On-Site Magazine

Federal government blocks $775M Quebec City port expansion project

By On-Site Staff   


The federal government has blocked a major expansion project at the Port of Quebec, deeming its “significant” adverse environmental effects unjustified.

Minister of Environment and Climate Change, Jonathan Wilkinson, officially put an end to the Laurentia project June 29, following a report from the Impact Assessment Agency of Canada that pointed to major concerns about air quality and fish habitats, among other issues.

The Laurentia project would have greatly expanded Quebec City’s port, extending an existing wharf to clear the way for a new container terminal. Related rail and road links were also included in the proposed project, expected to be worth $775 million.

“This was a difficult decision — but the right one as we look to grow the economy and protect the environment for future generations,” Wilkinson, said in a release.


The Port of Québec said it accepted, but was disappointed in the outcome of the assessment after six years of planning for the project.

“We are obviously very disappointed by this outcome,” Mario Girard, the port’s president and CEO, said in a release.

“We remain convinced that there were workable solutions and that Laurentia was a fundamentally good project, both for the economy and for the environment. But today we need to accept the verdict of the federal authorities and look to the future,” he added.

Ottawa noted the Laurentia project is one of five port expansions to be proposed in Quebec in recent years. Two — in Montreal and Saguenay — are approved and moving ahead, while the two others remain under active review.

The Port of Québec said it plans to conduct and in-depth analysis of the federal decision over the coming months to determine how best to support future growth.
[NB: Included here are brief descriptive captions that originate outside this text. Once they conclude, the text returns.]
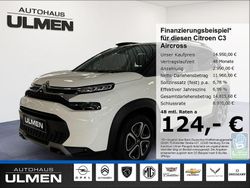 Weiß Gebraucht 2023 Citroën C3 Aircross Feel SUV | 14.950 € (Fairer Preis)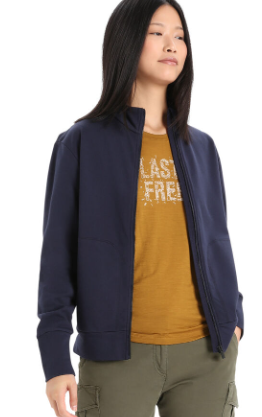 Icebreaker Women's Central II L/S Zip Jacket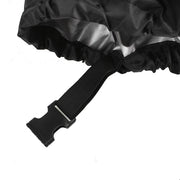 DURAFORCE Heavy Duty Trailerable Sled Storage Cover fit for Snowmobile up to 90" L black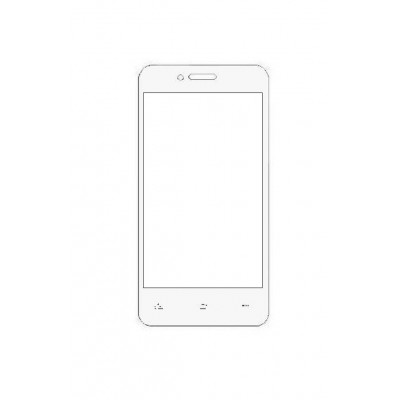 Touch Screen Digitizer For Celkon A400 Plus Dual Sim White By - Maxbhi.com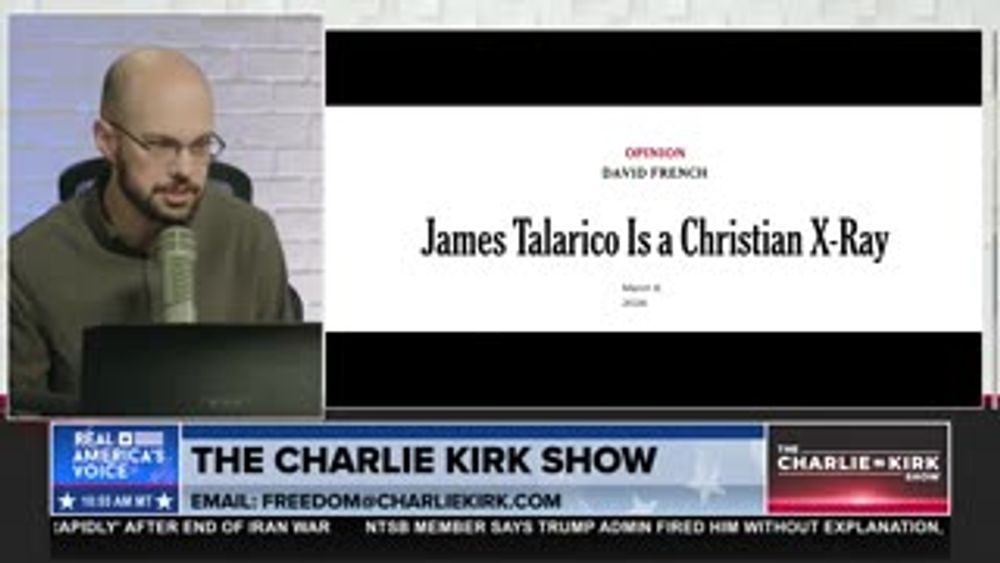 JAMES TALARICO "BEST CHRISTIAN IN POLITICS": UNSETTLING
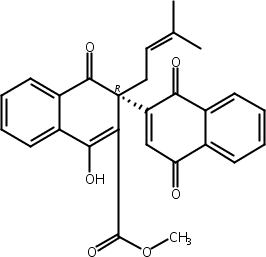 Rubipodanone A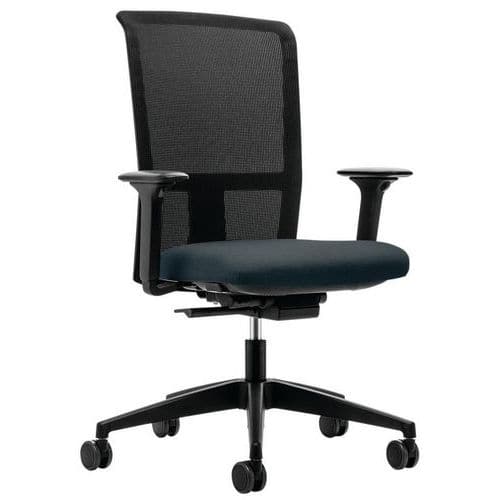 Kancelářská židle Interstuhl LX 252, šedá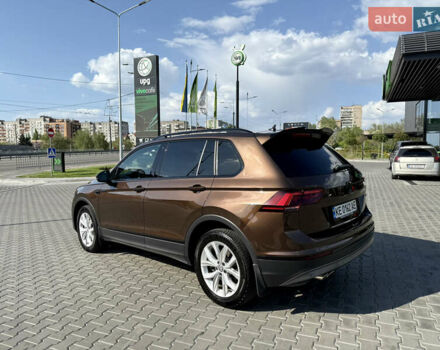 Коричневый Фольксваген Тигуан, объемом двигателя 1.98 л и пробегом 193 тыс. км за 21200 $, фото 11 на Automoto.ua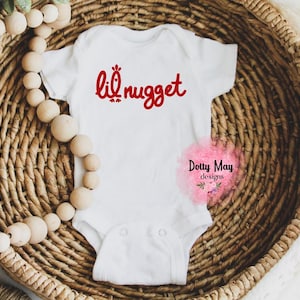 Lil Nugget Baby Bodysuit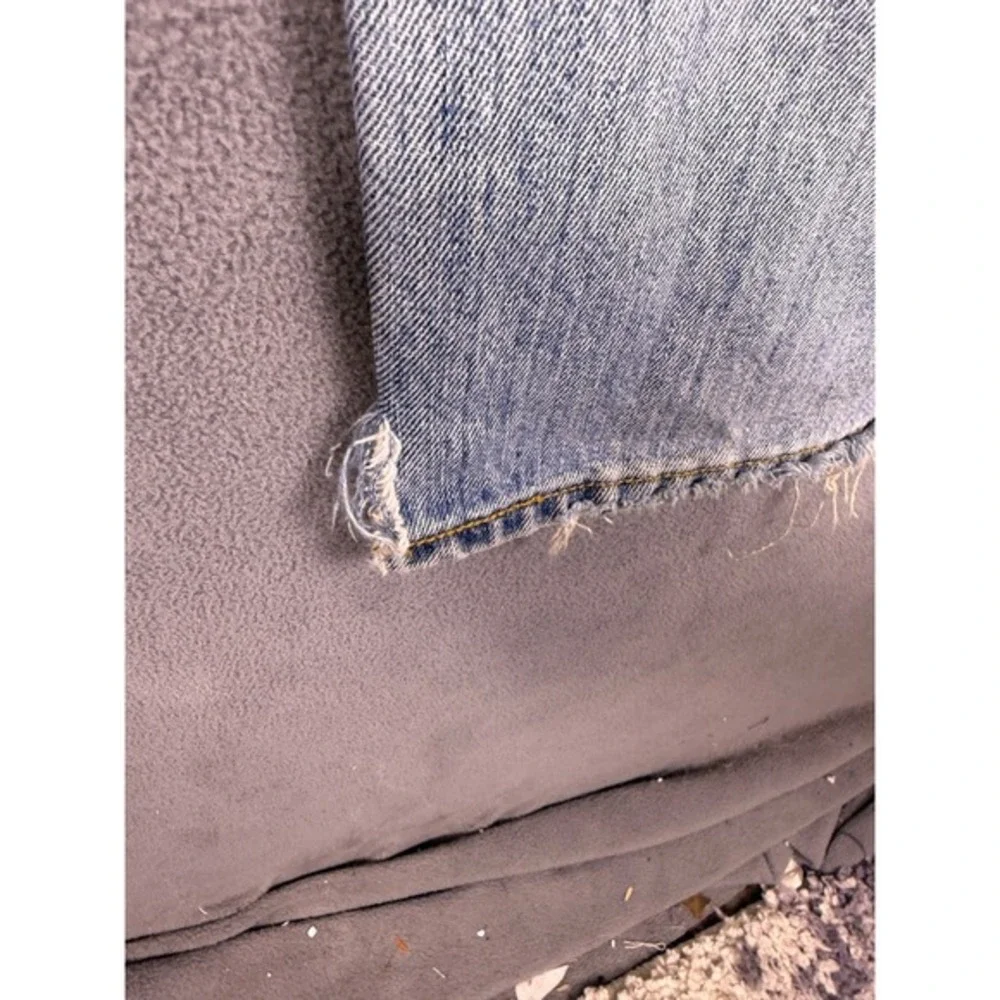 Vintage Levis 501 XX Denim‎ Jeans 38x32 Button Fly Light Wash Denim Read!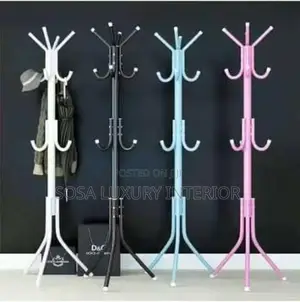Colorful Metal Coat Rack Stand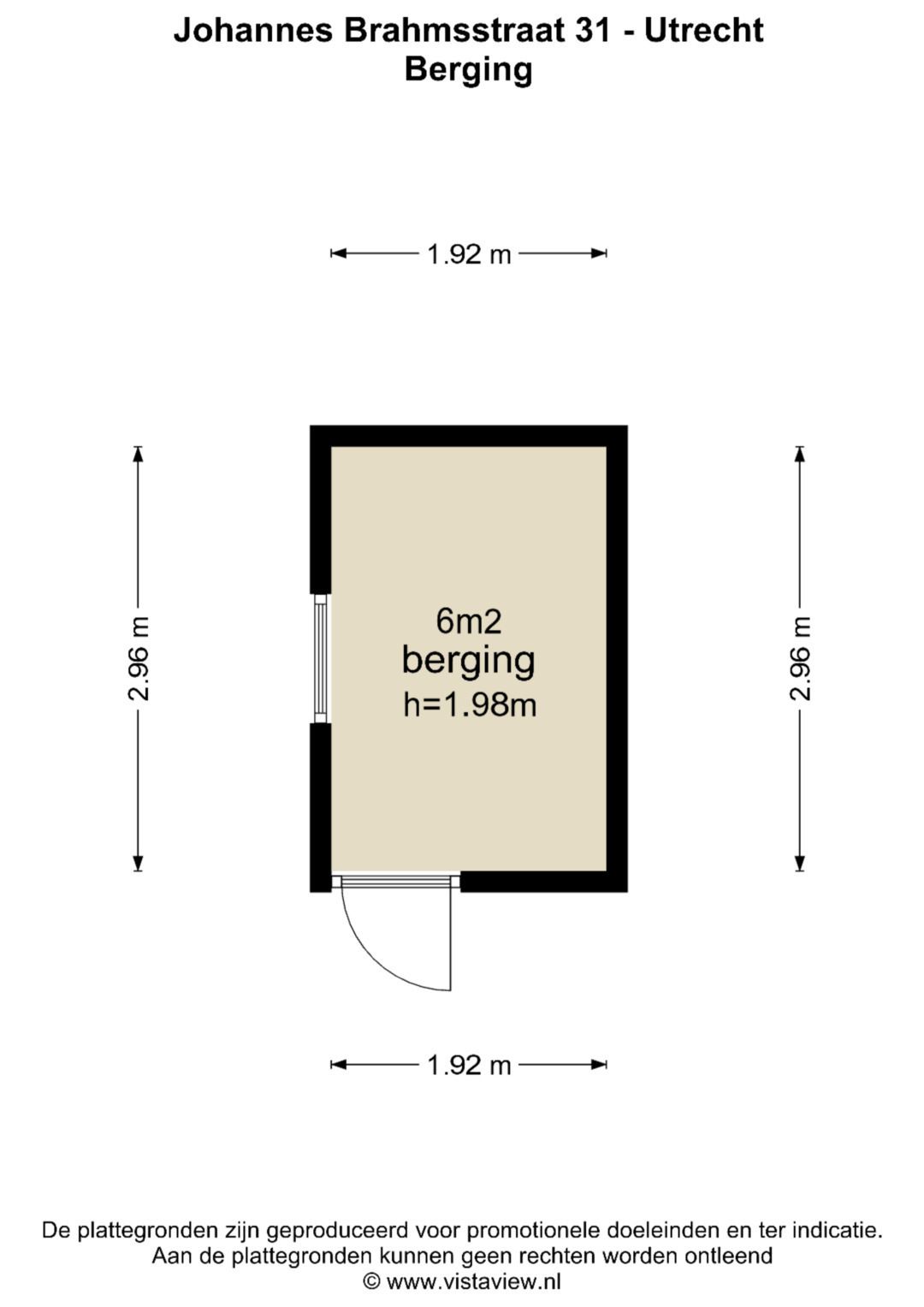 Foto 57 van Johannes Brahmsstraat 31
It cites its proximity to high-potential markets and deep-water credentials as among its major assets.

“Now we need to decide how best to capitalize on those distinctive strengths, in the best interests of Québec and Canada and in the context of the federal government’s decision on the Laurentia project,” Girard said.

The decision does not block future potential work at the port, but any new projects will be assessed under the new Impact Assessment Act, which replaced the previous assessment tool in 2019, the federal government said.